Les spreads de crédit se sont écartés massivement depuis les points bas de mi-2021 pour refléter une multitude de risques comme l’inflation, le durcissement des conditions monétaires, les craintes sur la croissance économique, la capacité de la Réserve fédérale américaine à réussir un atterrissage en douceur de l’économie, le risque d’augmentation des taux de défaut, la volatilité… Certains risques nous semblent déjà bien évalués, mais pas tous. La prochaine saison des résultats devrait apporter plus de lumière sur les entreprises capables d’absorber la hausse des coûts de refinancement et celles qui vont être pénalisées par le marché quand elles annonceront des révisions à la baisse de leurs résultats. En somme, les spreads de crédit pourraient s’écarter davantage, mais l’absence d’augmentation substantielle des taux de défaut devrait limiter la hausse.

Notre vue

Nous avons une vue Neutre sur les obligations d’entreprises. Les spreads de crédit pourraient encore s’écarter mais le risque de défaut reste limité.
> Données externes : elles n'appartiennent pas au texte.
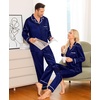 image:imageSWOMOG Family Christmas Pajamas Matching Sets Stain Silk Family Pajamas Long Sleeve Button Down Pj Set Holiday SleepwearBindingdeep Navy Blue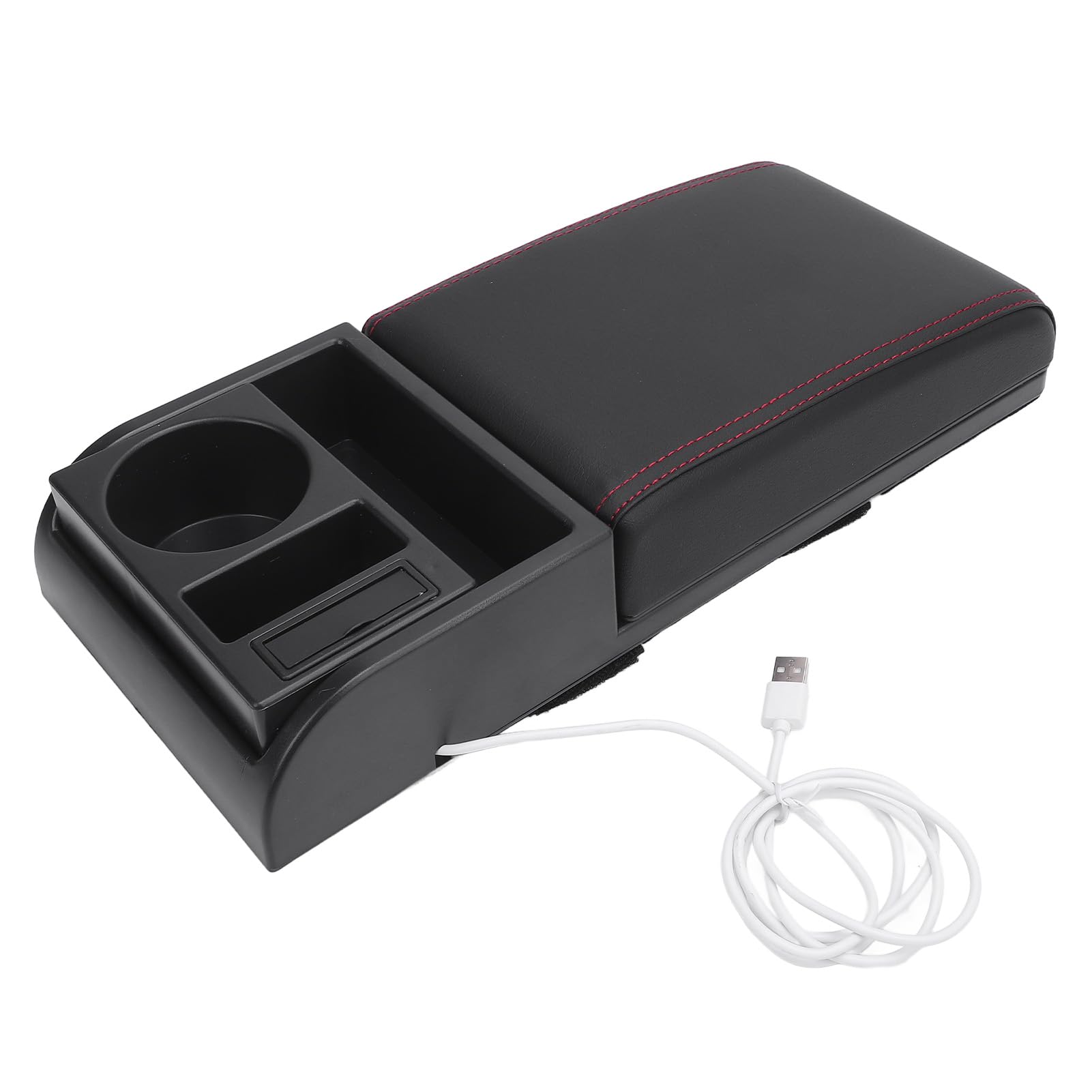 Funda para Consola Central, Funda de Protección Integral para Coche, Cojín para Reposabrazos de Coche Fácil de Limpiar con Bolsa de Almacenamiento con Portavasos USB, Ideal para la Mayoría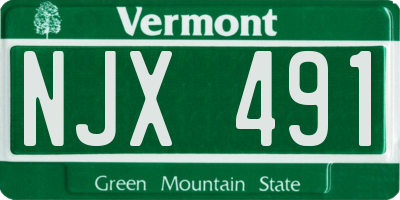 VT license plate NJX491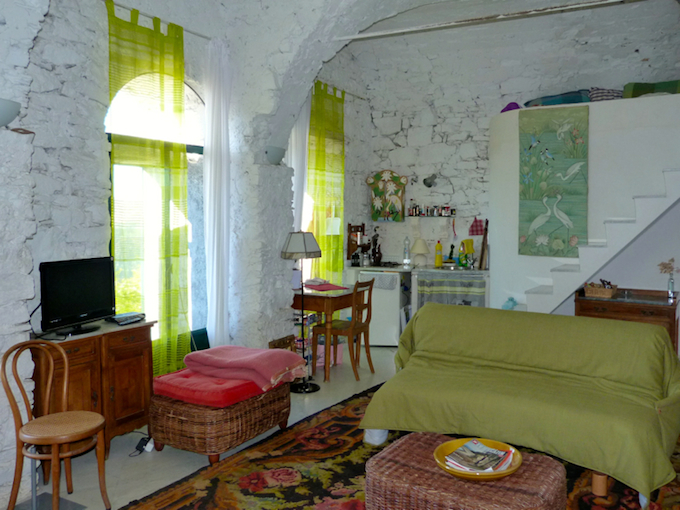 The living room of the property in Perinaldo by Terra Italia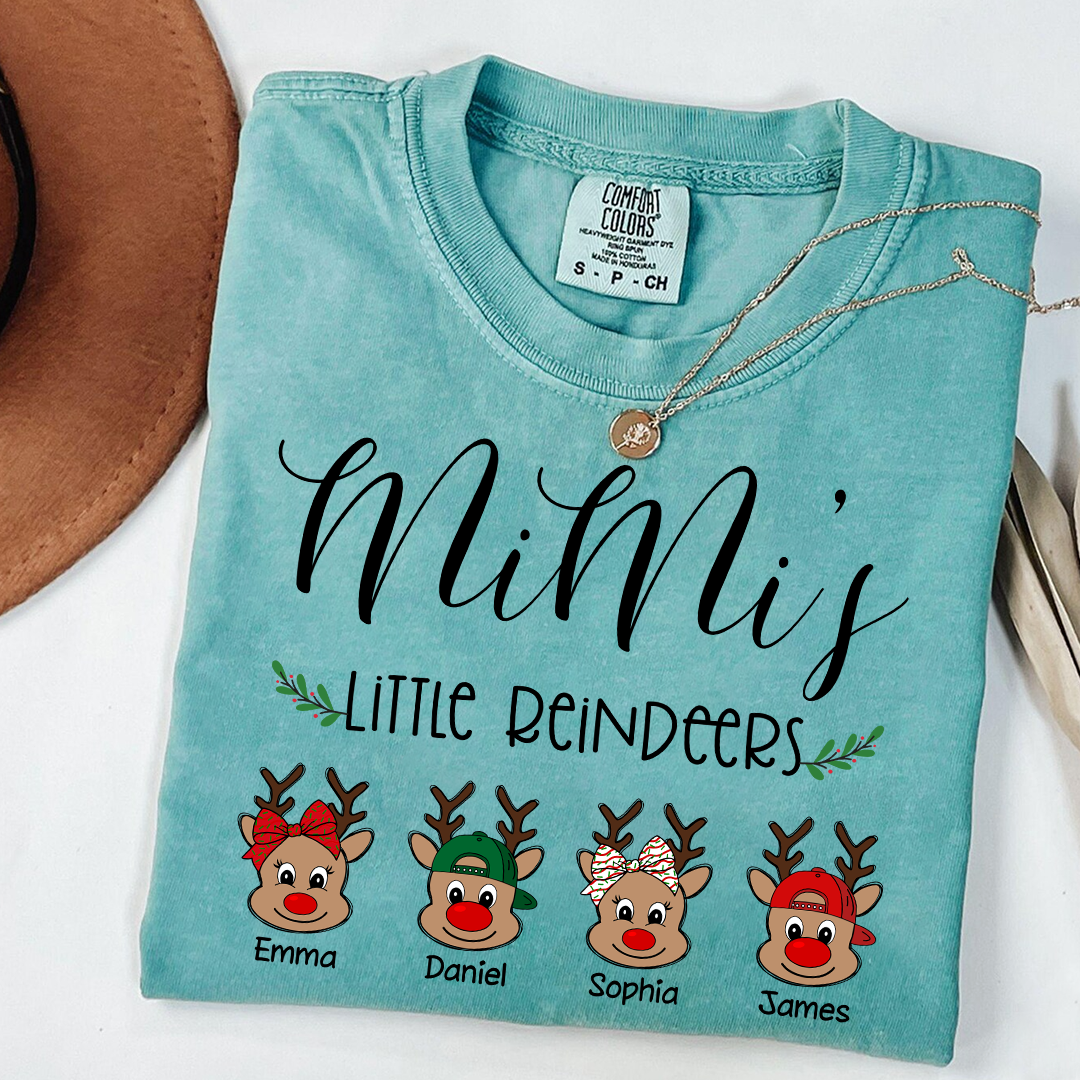 Comfort Colors® Personalized Mimi’s Little Reindeers Christmas Sweatshirt With Grandkids Names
Les ratios « breakeven » sont plus ou moins revenus à leurs moyennes historiques, ce qui suggère que le portage amène à nouveau un certain coussin de sécurité contre l’écartement des spreads.

Nous préférons être défensifs vu l’environnement macroéconomique actuel et la forte volatilité. Nous privilégions des obligations de qualité, et l’Investment Grade par rapport au High Yield.

Nous préférons les obligations à court terme en Europe du fait des risques liés à la politique monétaire de la BCE. En termes de valorisation relative, les obligations à court terme sont aussi moins chères en ce moment par rapport à celles à long terme en comparaison historique. Les rendements à maturité sont de l’ordre de 1,5% pour les obligations avec des maturités entre 1 et 3 ans, et 2,1% pour celles avec des maturités entre 3 et 5 ans.

Aux États-Unis, nous privilégions les obligations à maturité courte et intermédiaire car le supplément de rendement à maturité offert par les obligations plus longues est très faible. De plus, les obligations à court et à moyen terme sont plutôt bon marché en termes de valorisation relative par rapport aux obligations à long terme. Les rendements à maturité sont de 3,6% pour des maturités 1-3 ans, 4,1% pour des maturités 3-5 ans et 4,5% pour des maturités 5-7 ans.